As the late Queen’s namesake, the earlier Queen Elizabeth, said in her final speech to parliamentarians: ‘To be a king and wear a crown, is a thing more glorious to them that see it, than it is pleasant to them that bear it.’

The King in his response to both Houses said: ‘Parliament is the living and breathing instrument of our democracy. That your traditions are ancient we see in the construction of this great hall and the reminders of mediaeval predecessors of the office to which I have been called.’

All of us who play a role in our democracy, have a responsibility and make a commitment to uphold and protect the constitutional democratic principles on which our system of governance is based. The first thing I will do on my return to Westminster is therefore to take the oath of allegiance to the Crown.

Over the last 10 days, it has been incredible to see the number and range of events taking place both locally and nationally to celebrate the life of the late Queen. Many churches held services including at St Gregory’s in Dawlish, at St Michael’s in Teignmouth and on Sunday at St Paul’s in Newton Abbot where the service for the Teignbridge community as a whole took place.

Local pubs and other community hubs, such as Teignmouth Rugby Club, screened the funeral and cadets from Teignmouth School also read the prayers at a service at Exeter Cathedral.

Nationally, the queue to seeing the lying-in-state in Westminster Hall took on an almost mythical status of itself.
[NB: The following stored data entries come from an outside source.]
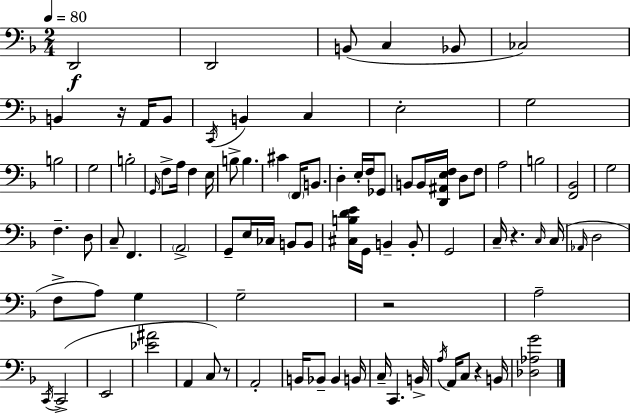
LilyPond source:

{
  \clef bass
  \numericTimeSignature
  \time 2/4
  \key f \major
  \tempo 4 = 80
  d,2\f | d,2 | b,8( c4 bes,8 | ces2) | \break b,4 r16 a,16 b,8 | \acciaccatura { c,16 } b,4 c4 | e2-. | g2 | \break b2 | g2 | b2-. | \grace { g,16 } f8-> a16 f4 | \break e16 b8-> b4. | cis'4 \parenthesize f,16 b,8. | d4-. e16-. f16 | ges,8 b,8 b,16 <d, ais, e f>16 d8 | \break f8 a2 | b2 | <f, bes,>2 | g2 | \break f4.-- | d8 c8-- f,4. | \parenthesize a,2-> | g,8-- e16 ces16 b,8 | \break b,8 <cis b d' e'>16 g,16 b,4-- | b,8-. g,2 | c16-- r4. | \grace { c16 } c16( \grace { aes,16 } d2 | \break f8-> a8) | g4 g2-- | r2 | a2-- | \break \acciaccatura { c,16 }( c,2-> | e,2 | <ees' ais'>2 | a,4 | \break c8) r8 a,2-. | b,16 bes,8-- | bes,4 b,16 c16-- c,4. | b,16-> \acciaccatura { a16 } a,16 c8 | \break r4 b,16 <des aes g'>2 | \bar "|."
}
Thousands of people from across the country and further afield came to pay their respects waiting sometimes for more than 12 hours.

But the sheer pageantry and breathtaking performance that was the state funeral will remain with me forever. That we as the general public have been able to see so much from the Privy Council pronouncing the accession to the Crown of King Charles, to the lying-in-state, the processions to and from Westminster Hall and Buckingham Palace, the State Funeral itself in Westminster Abbey to the final goodbye in Windsor Castle has been a rare privilege that has united us all.

Whilst a nation has lost a monarch, it is important also to remember that a family have lost their mother, grandmother and great-grandmother. Therefore, my thoughts, as I’m sure are many of yours, at this time are with the Royal Family as they mourn the passing of the late Queen.